Deniz-kum-güneş üçlüsünü yaşarken tarihle de buluşmak isterseniz, Ksamil’e yalnızca birkaç kilometre uzaklıkta bulunan Butrint Antik Kenti’ni mutlaka ziyaret etmelisiniz. UNESCO Dünya Mirası Listesi’nde yer alan bu antik kent, binlerce yıl boyunca Yunanlar, Romalılar ve Bizanslılar tarafından kullanılmış. Ormanla çevrili bir lagünün ortasında yükselen bu antik kent, doğayla tarihin nasıl uyum içinde var olabileceğini gösteriyor. Rehberli turlar, özellikle akşam saatlerinde güneşin yumuşayan ışığıyla birlikte etkileyici bir deneyim sunuyor.

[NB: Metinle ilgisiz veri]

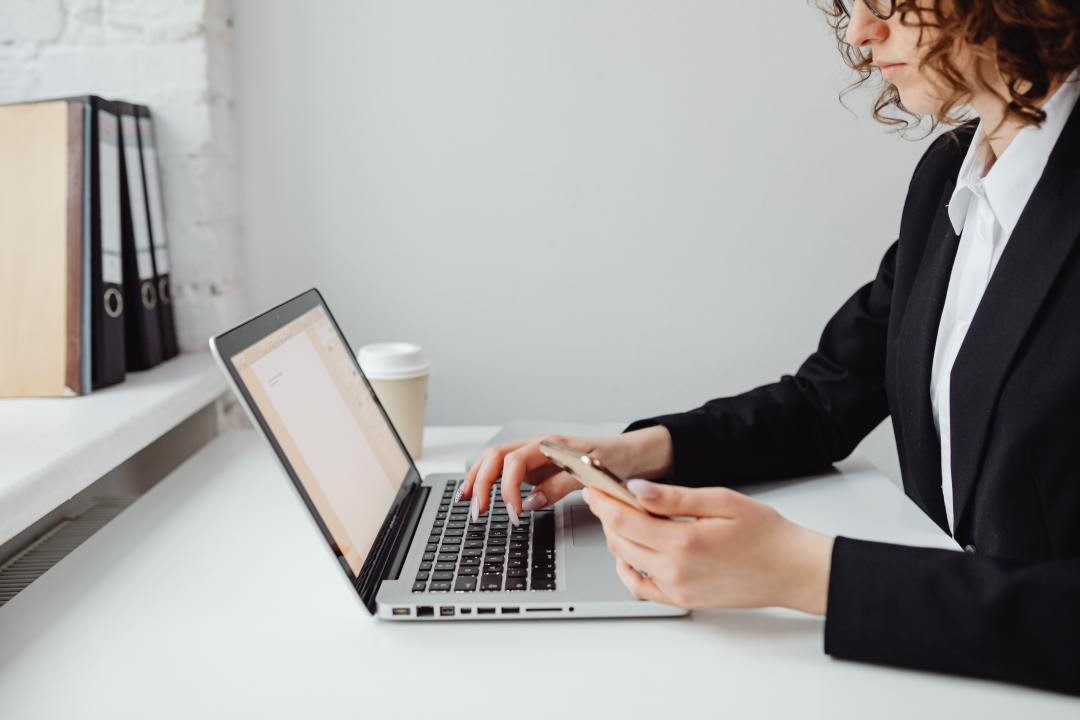 新鄉(xiāng)青峰百度推廣優(yōu)化小技巧 ，讓搜索Ocpc成本爆降，效果翻倍！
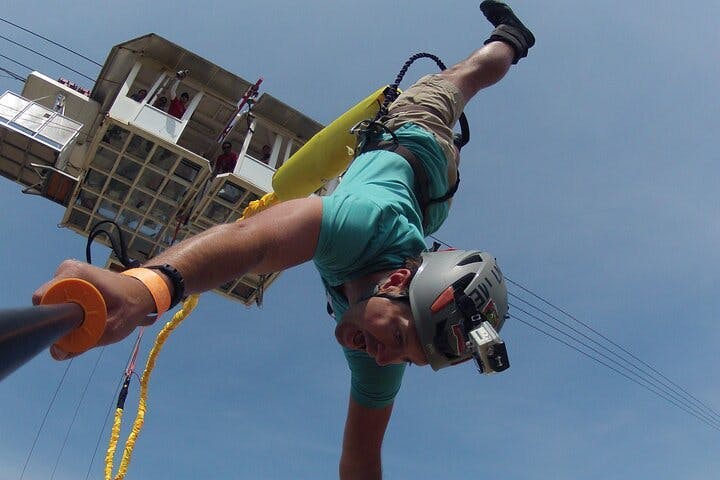Extreme Bungee Jump In Los Cabos_4596985
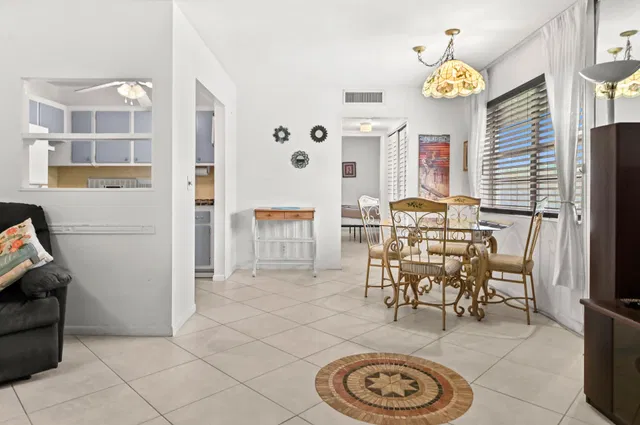 Residence photo 8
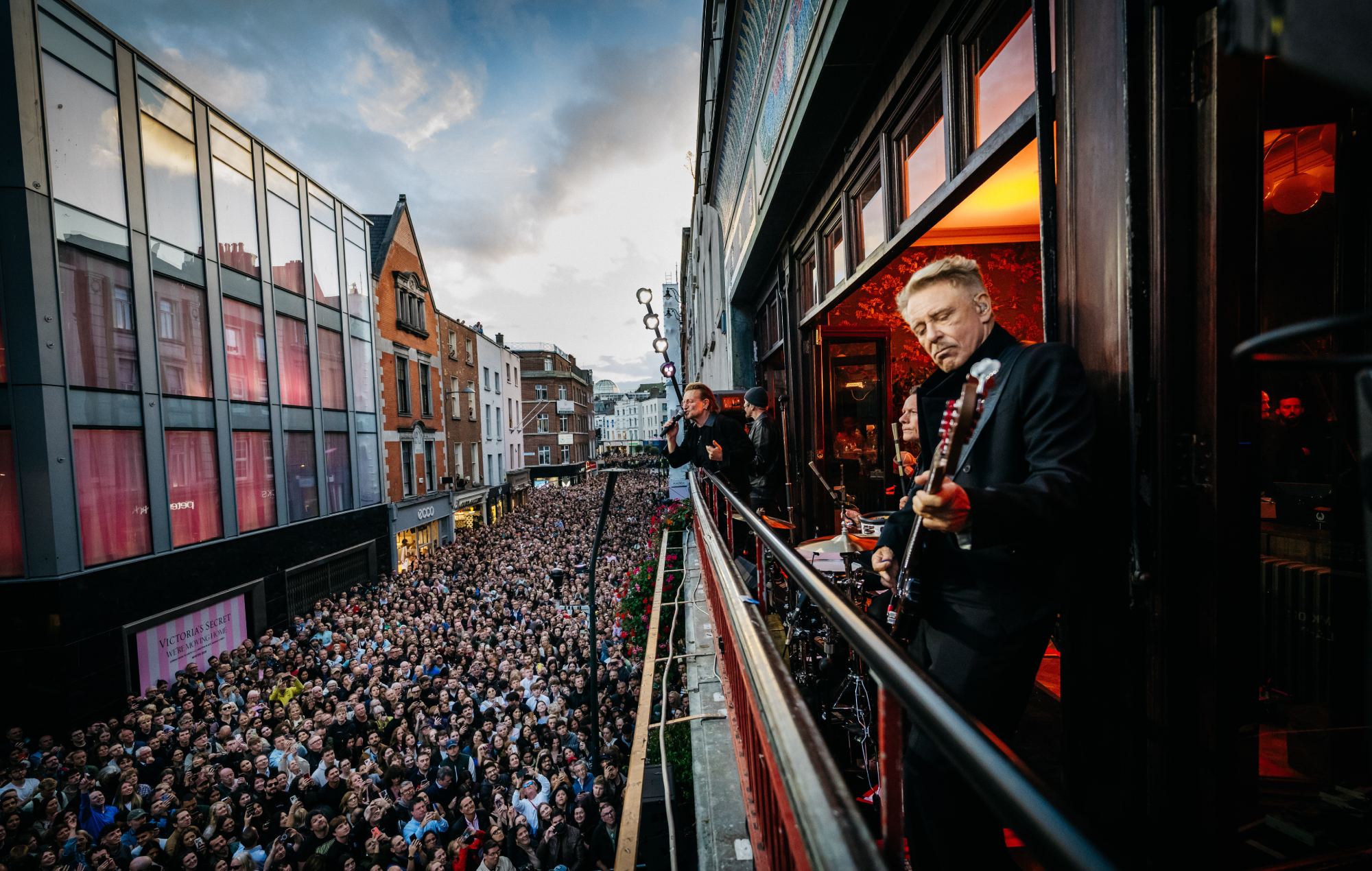 A U2 a dublini Grafton Streeten él. Hitel: Rich Fury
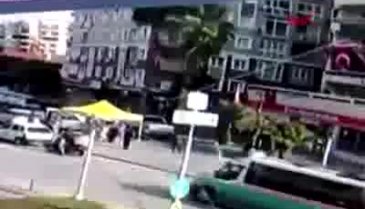 İzmir depreminde, Rıza Bey Apartmanı'nın çökme anı ortaya çıktı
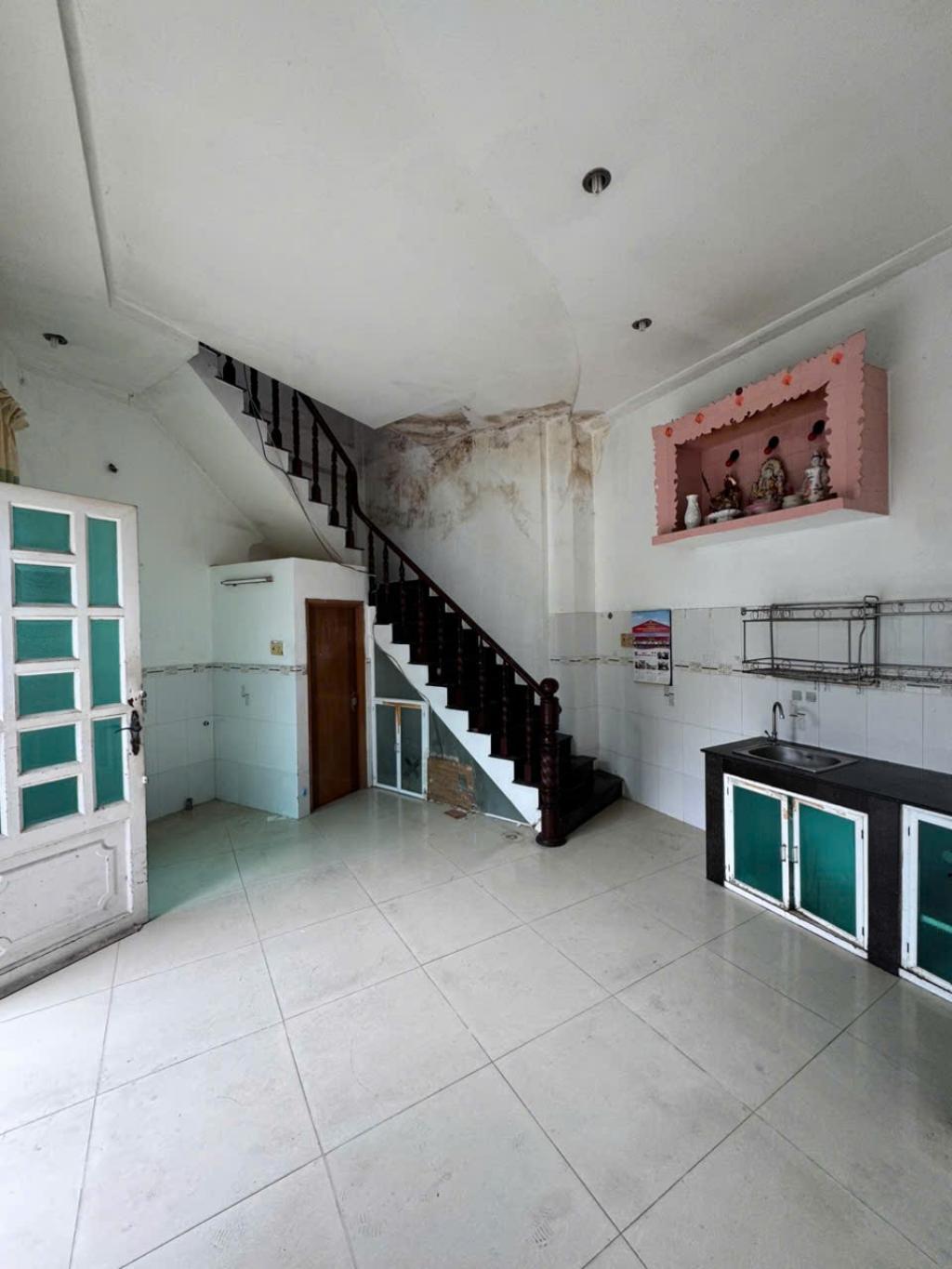 Bán nhà 1 xẹt ngắn đường Lò Gốm Q6, DT 31 m2, Giá 2 tỷ 8, Nhanh tay sở hữu nhà giá tốt tại Q6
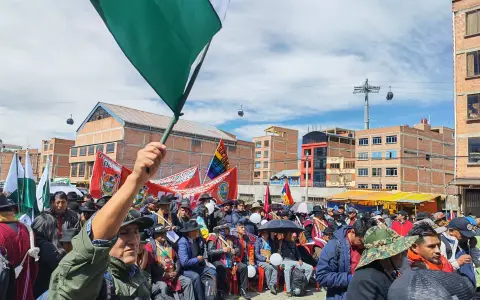 El cabildo realizado el sábado resolvió la medida que apunta a los legisladores bolivianos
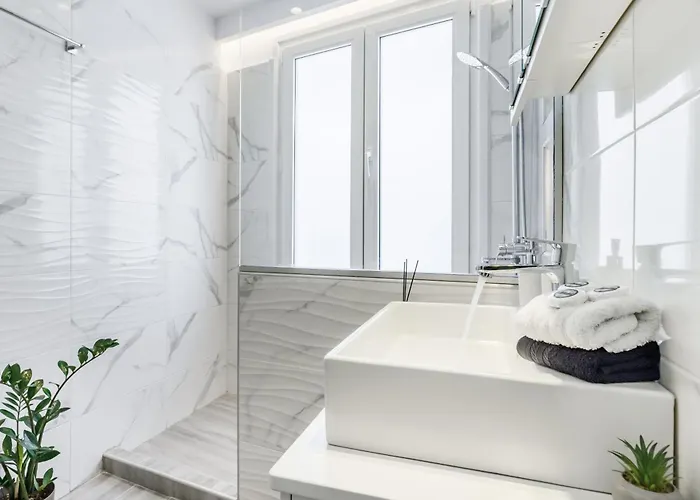 Maria's House * Szkópelosz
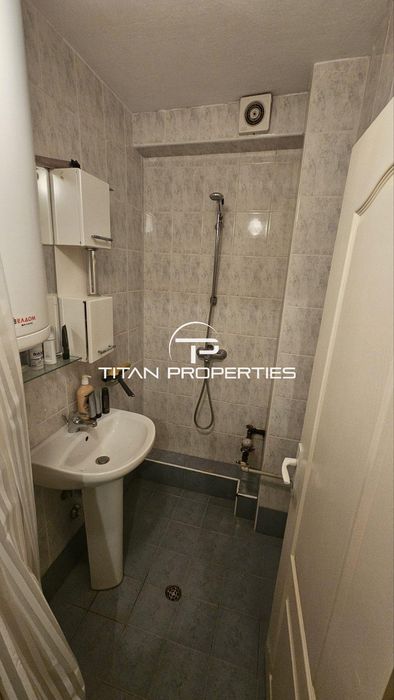 Дава се под наем Двустаен апартамент в Варна, Спортна зала - 56 кв.м за 350 € - Снимка #3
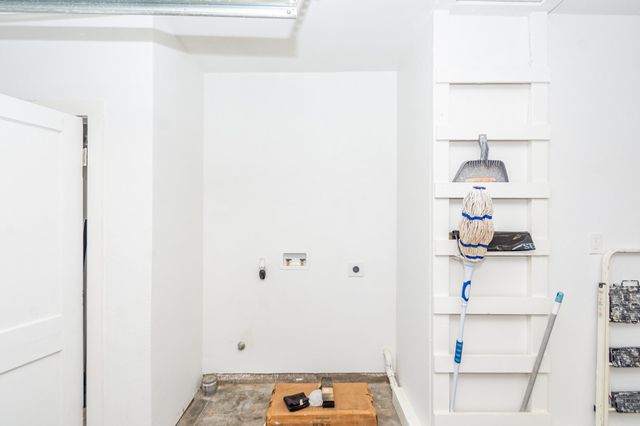 1007 Earley Street, Sweeny, TX 77480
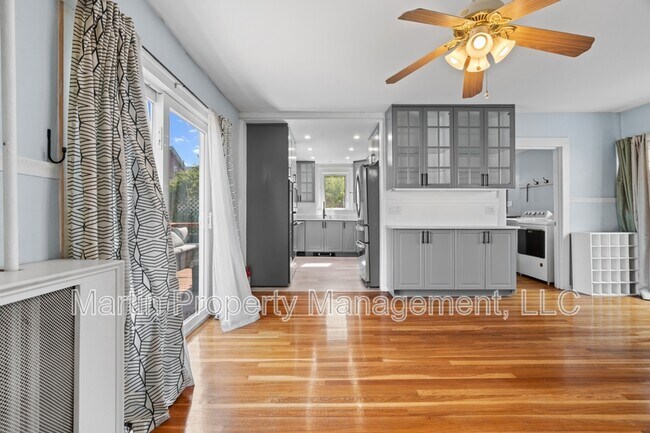 Photo - 12 Lowell Pl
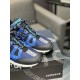 2025FW メンズ スニーカー VERSACE ヴェルサーチェ 大人っぽく見せてくれるエレガントなデザイン
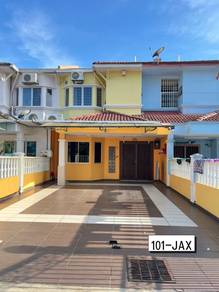 RENOVATED Kampung Jawa Klang Taman Menegon Indah 2 Storey House 20x80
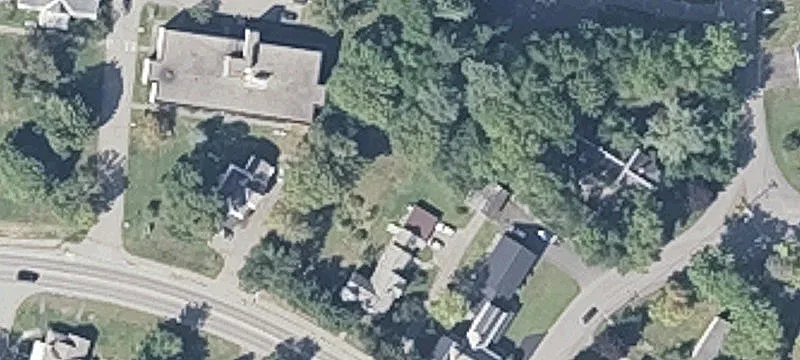 875 Main St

HIMARE VE DHERMI: RIVIERANIN BOHEM YÜZÜ

Ksamil ve Saranda’nın ardından biraz daha kuzeye doğru ilerlediğinizde, Arnavutluk Rivierası’nın daha sakin, daha bohem yüzüyle tanışacaksınız. Himare ve Dhermi, uzun sahil şeritleri, taş evli köyleri ve yerel yaşamın sadeliğiyle dikkat çekiyor. Dhermi’deki Drymades Beach, kayalıklar arasına gizlenmiş turkuaz koylarıyla tam bir Instagram rüyası. Bu bölgelerde konaklama için önerim, doğayla uyumlu butik oteller. Ahşap bungalovlar, taş mimarili dağ evleri ve teraslı süitler, sade ama şık bir atmosfer sunuyor. Oteller genellikle sürdürülebilirlik ilkesine göre tasarlanmış; yerel ürünlerle hazırlanan kahvaltılar, güne yoga ile başlama imkânı ve geceleri açık hava sinema gösterimleri gibi detaylarla fark yaratıyor.



LEZZET DOLU DURAKLAR

Arnavutluk mutfağı, Balkanların karakteristik öğeleriyle Akdeniz tazeliğini buluşturuyor. Deniz ürünleri elbette başrolde: Kalamar, levrek, midye ve ahtapotun en tazesini burada tadabilirsiniz. Fergese, Tave Kosi ve Qifqi gibi yerel tatlar, bölge restoranlarında modern sunumlarla servis ediliyor. Limani, Guvat ve Restaurant Apollonia gibi mekanlar, deniz manzaralı şık masaları ve rafine menüleriyle öne çıkıyor. Tatlı olarak ise, bir trilece ya da yerel bal ve cevizle yapılan bakllava mutlaka denenmeli. Yanına bir fincan Arnavut usulü Türk kahvesi içmeyi de unutmayın.


ULAŞIM VE KÜÇÜK LÜKSLER

Arnavutluk’a Türkiye’den direkt uçuşla Tiran ya da Korça üzerinden ulaşabilirsiniz. Ancak Rivieraya inmenin en şık yolu, Tiran’dan araba kiralayarak güneye, sahil boyunca manzaralı bir yolculuk yapmak. Dağların arasından kıvrılan yollar, yol boyunca uzanan zeytinlikler ve aşağıda parlayan deniz manzarası, yolculuğu bile bir deneyime dönüştürüyor.